Grote verschillen tussen leerlingen en scholen
Als digitale systemen niet goed getest worden, kunnen zij de vooroordelen van mensen versterken door deze te systematiseren en te verspreiden. Dit kan leiden tot discriminatie en kansenongelijkheid. Het kan zijn dat een systeem moeite heeft om het niveau van een kind goed in te schatten wanneer een leerling op een andere manier leert, bijvoorbeeld als een kind ADHD, dyslexie of autisme heeft, of andere woorden gebruikt, dan de groep leerlingen waarop het systeem getraind is. Of een systeem geeft een kind het label ‘zwak’ en houdt dat label aan, ook al is het kind inmiddels beter gaan leren. Hierbij kan ook een zorg zijn dat leerlingvolgsystemen veel data over kinderen verzamelen, waardoor mogelijk hun recht op privacy en autonomie wordt geraakt. Niet elke leerling heeft bovendien evenveel toegang tot technologie. Ook tussen scholen zijn de verschillen groot.

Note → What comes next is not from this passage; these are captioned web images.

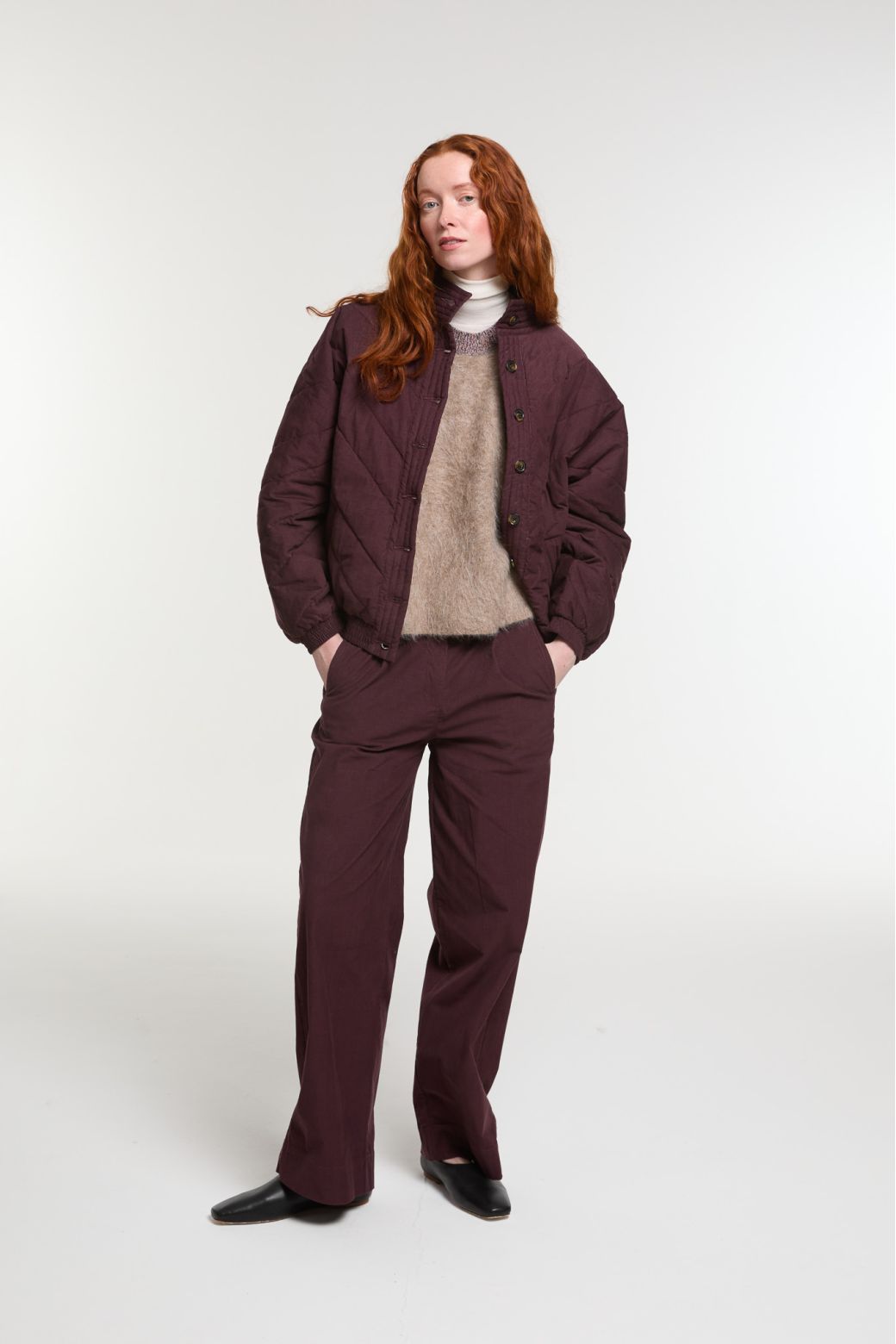 Ma Poésie blouson bomber velours bordeaux Millie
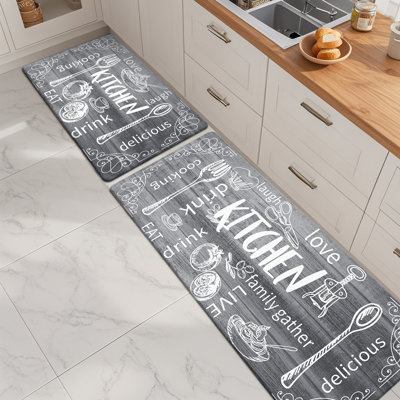 Anti Fatigue Kitchen Mat and Runner (Set of 2)
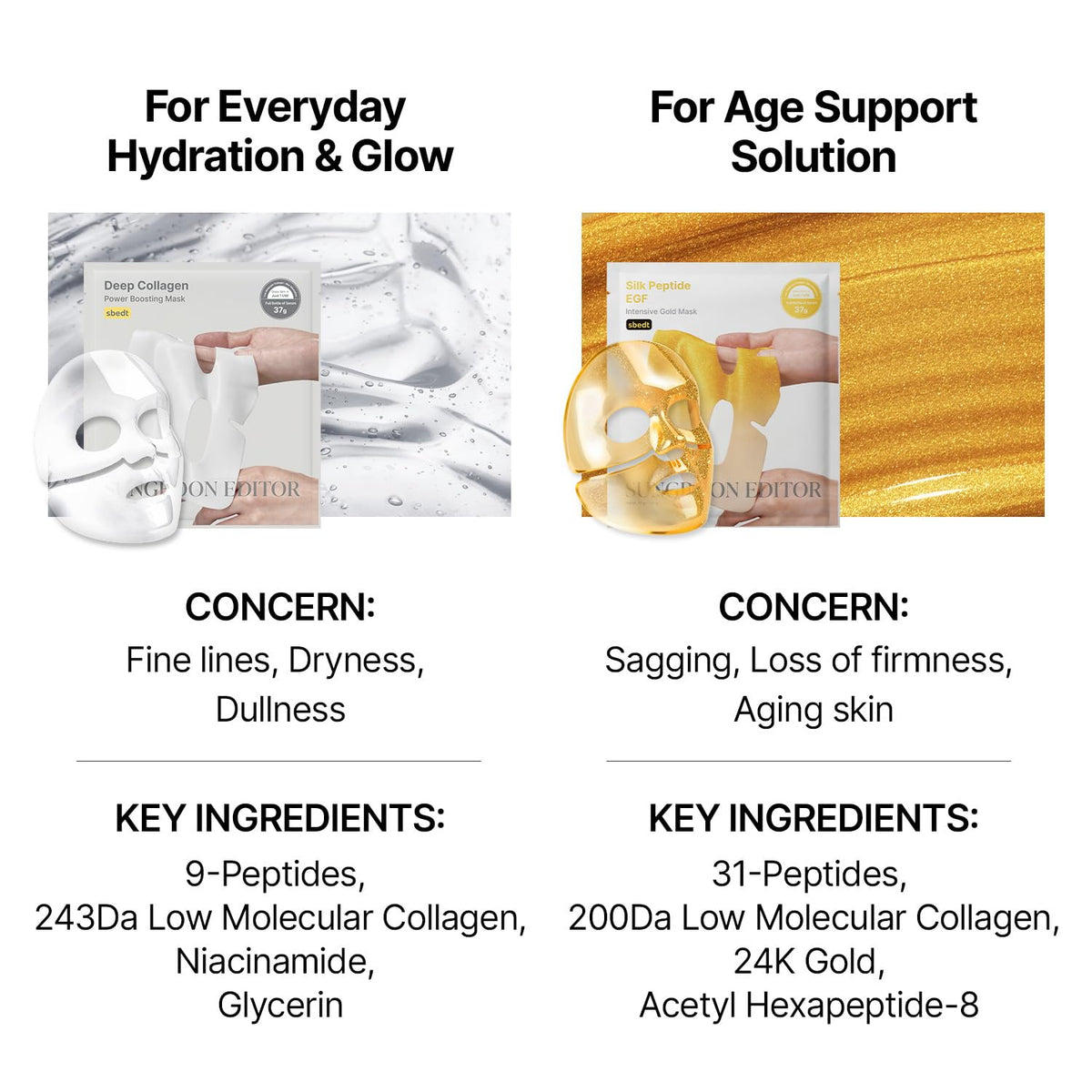 SUNGBOON EDITOR label and claims closeup showing fragrance-free and paraben-free benefits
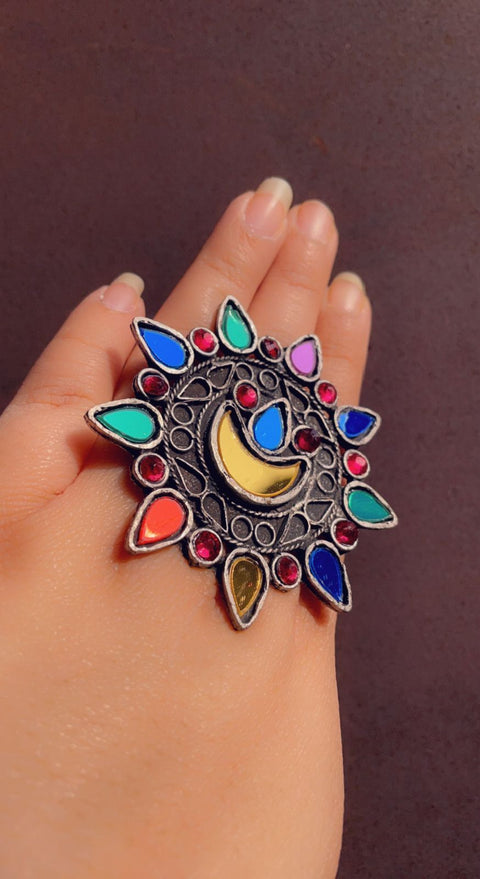 Navratan Floral Ring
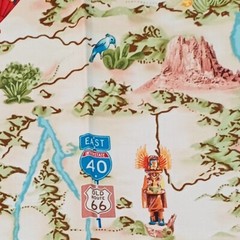 Vintage Timeless Treasures Hot Air Balloon Cotton Quilt Fabric Travel Route 66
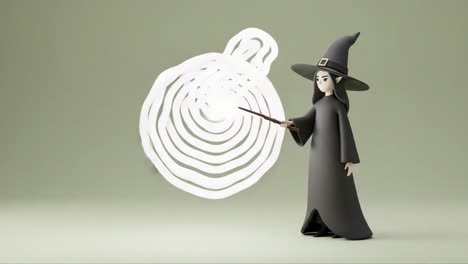 a mysterious witch casting spells: exploring the enchantment of magic with a wand and swirling light in stunning minimalist art style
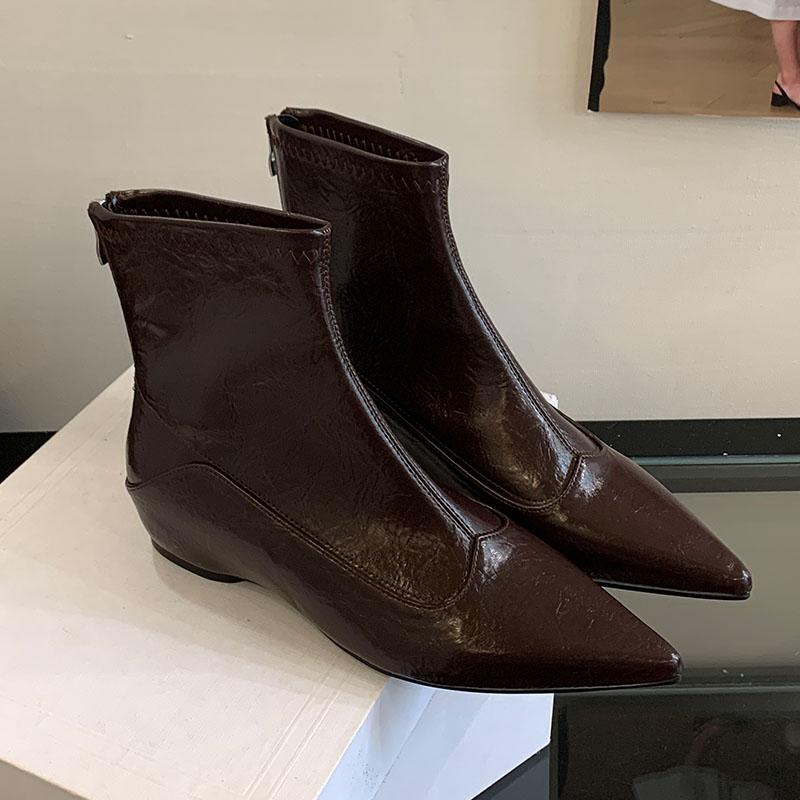 Fashion Fashion Pointed Toe Ladies Ankle Stretch Boots Female Zippers Shoes Women Short Modern Boots With Height Increasing Shoes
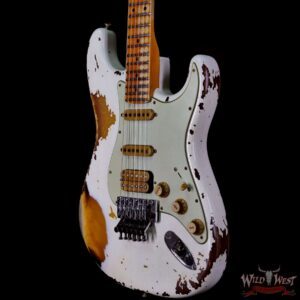 Fender Custom Shop Wild West White Lightning Stratocaster HSS Floyd Rose Maple Board 22 Frets Heavy Relic 2 Tone Sunburst - Image 2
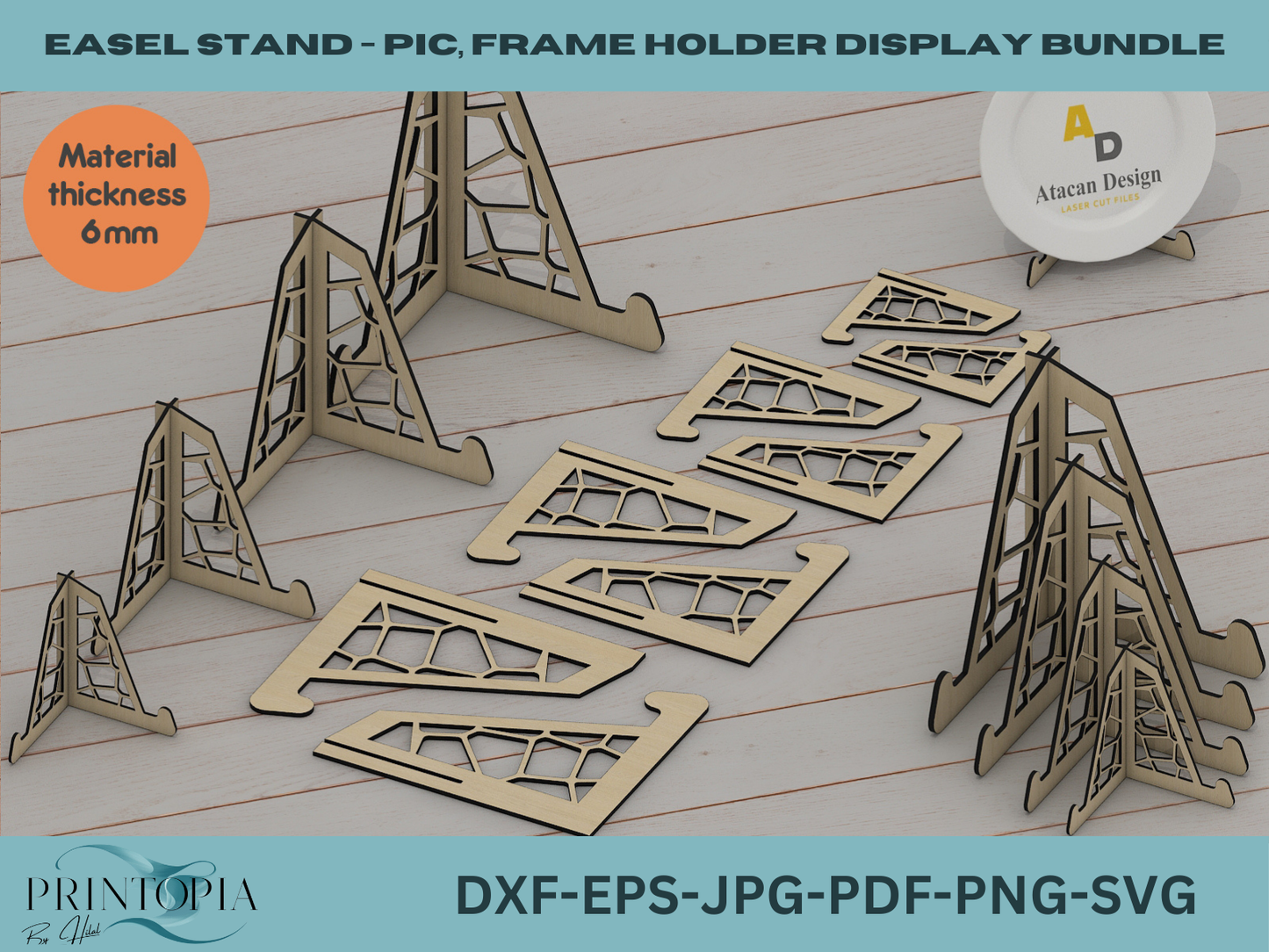 Versatile Easel Stand Bundle for Laser Cutting Perfect for Frames Pics,Ideal for 3mm Laser Cutting Projects 137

Draagt het systeem bij aan goed onderwijs
Volgens het College moeten onderwijsinstellingen voordat ze digitale systemen gaan gebruiken, een waardenafweging maken of en wanneer technologie een bijdrage levert aan goed onderwijs. Scholen kunnen en moeten eisen stellen aan softwareleveranciers op het gebied van gelijke behandeling, privacy, autonomie en transparantie. Een belangrijk onderdeel daarvan is dat middelen uitgebreid op verschillende groepen leerlingen worden getest. Het is moeilijk voor docenten en schoolleiders om altijd kritisch te kijken naar de middelen die ze gebruiken. Mensen hebben nu eenmaal de neiging te geloven wat een computer zegt. Daarnaast is er vaak beperkt informatie beschikbaar over hoe een systeem werkt, waardoor het moeilijk is dit te beoordelen. Bovendien komt een groot deel van het aanbod vanuit grote technologiebedrijven. De invloed van deze bedrijven kan sturend zijn en kan scholen van hun producten afhankelijk maken. De Minister van OCW kan onder meer met samenwerkingsverbanden, kennisinstituten, en onderwijsinstellingen een normenkader ontwikkelen dat duidelijkheid schept waar een systeem in ieder geval aan moet voldoen om discriminatie te voorkomen.